### STUDY MATERIAL
====

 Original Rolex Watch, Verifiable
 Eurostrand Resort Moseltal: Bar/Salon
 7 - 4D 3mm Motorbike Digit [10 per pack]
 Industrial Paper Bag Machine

====

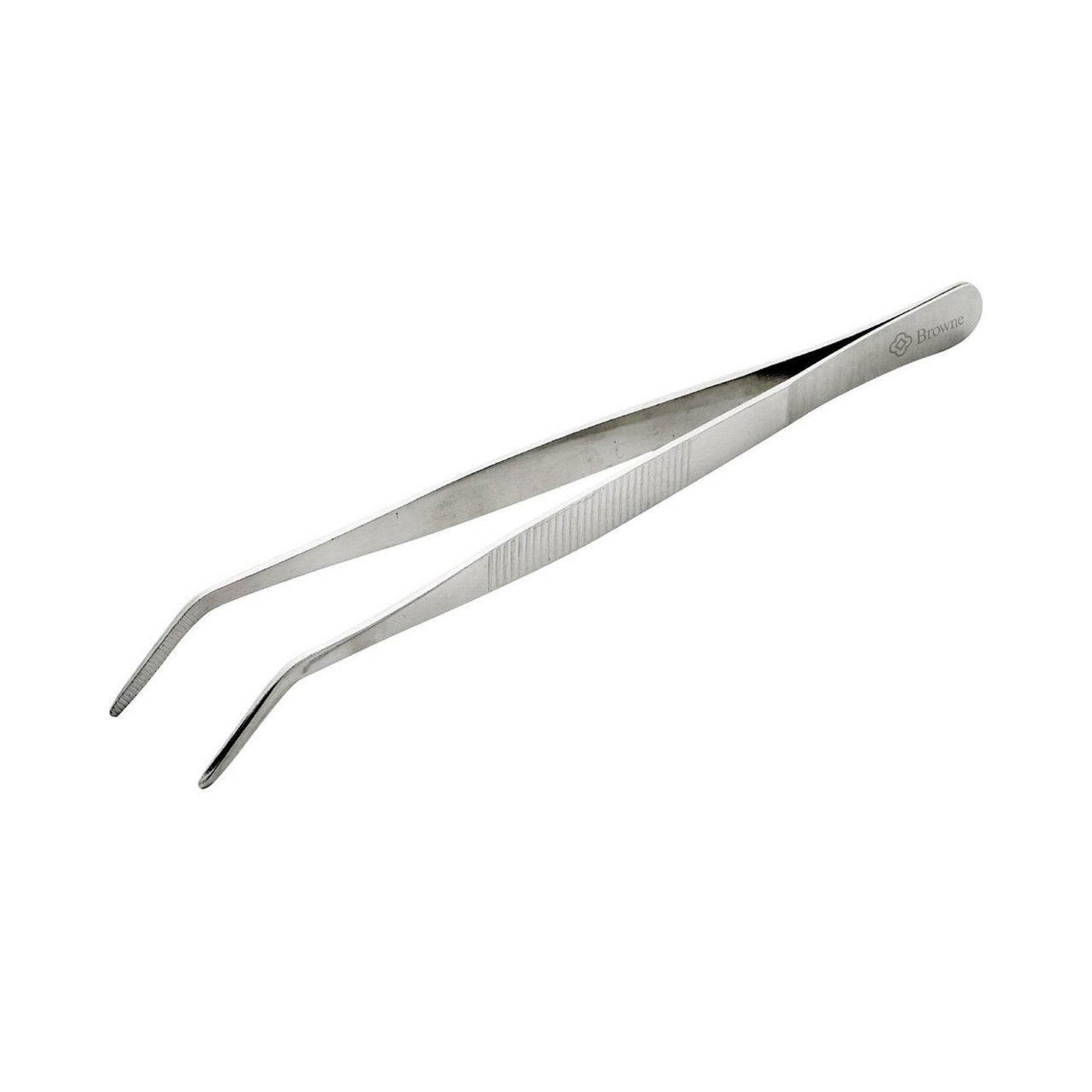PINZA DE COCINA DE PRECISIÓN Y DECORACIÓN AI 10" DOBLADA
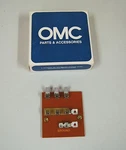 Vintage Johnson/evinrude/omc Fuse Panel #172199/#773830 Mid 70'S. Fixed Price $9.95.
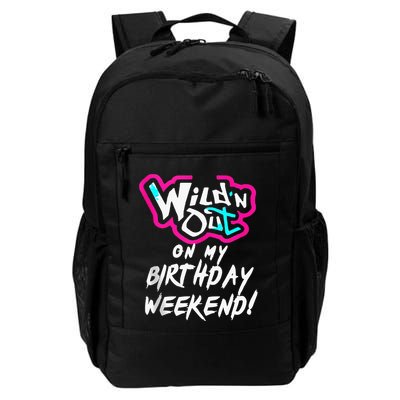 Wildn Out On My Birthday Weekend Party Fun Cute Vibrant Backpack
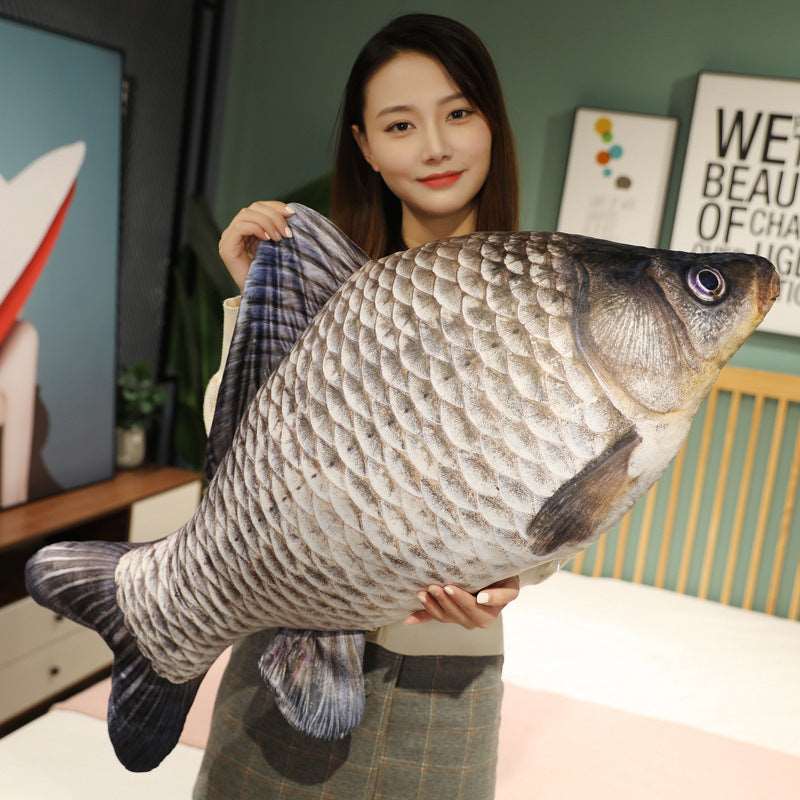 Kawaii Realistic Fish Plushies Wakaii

====

### AIM OF THE EXERCISE
Using the listing above, repeat word for word each line from the one with "Vintage Johnson/evinrude/omc Fuse" down to the one with "Kawaii Realistic Fish Plushies Wakaii", both included. Omit all pictures.

### SOLUTION FOR THIS PROBLEM
 Vintage Johnson/evinrude/omc Fuse Panel #172199/#773830 Mid 70'S. Fixed Price $9.95.
 Wildn Out On My Birthday Weekend Party Fun Cute Vibrant Backpack
 Kawaii Realistic Fish Plushies Wakaii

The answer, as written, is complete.